----- Supplied material -----
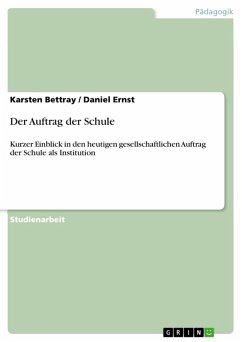 Der Auftrag der Schule (eBook, ePUB) Der Auftrag der Schule (eBook, ePUB)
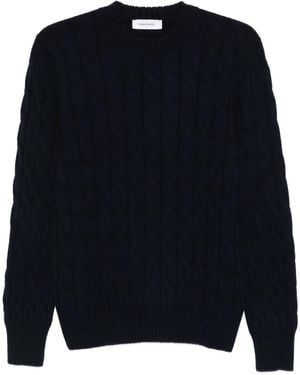 Gran Sasso Pull En Maille Torsadée - Bleu
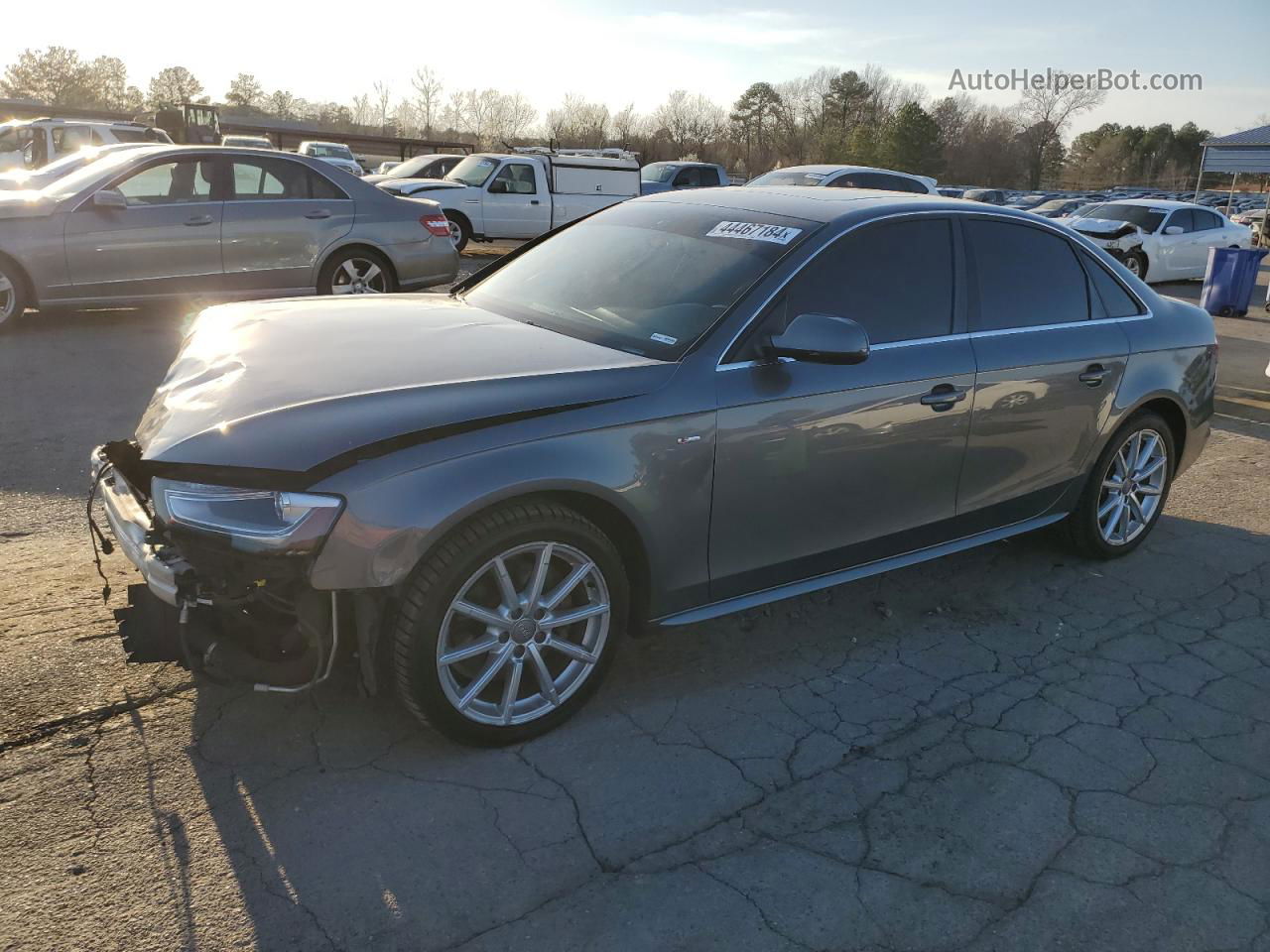 2016 Audi A4 Premium Plus S-line Gray vin: WAUFFAFL8GN007305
-----
* Exercise
Omit the pictures. Repeat the rest of the data exactly.

* Completed exercise
 Der Auftrag der Schule (eBook, ePUB) Der Auftrag der Schule (eBook, ePUB)
 Gran Sasso Pull En Maille Torsadée - Bleu
 2016 Audi A4 Premium Plus S-line Gray vin: WAUFFAFL8GN007305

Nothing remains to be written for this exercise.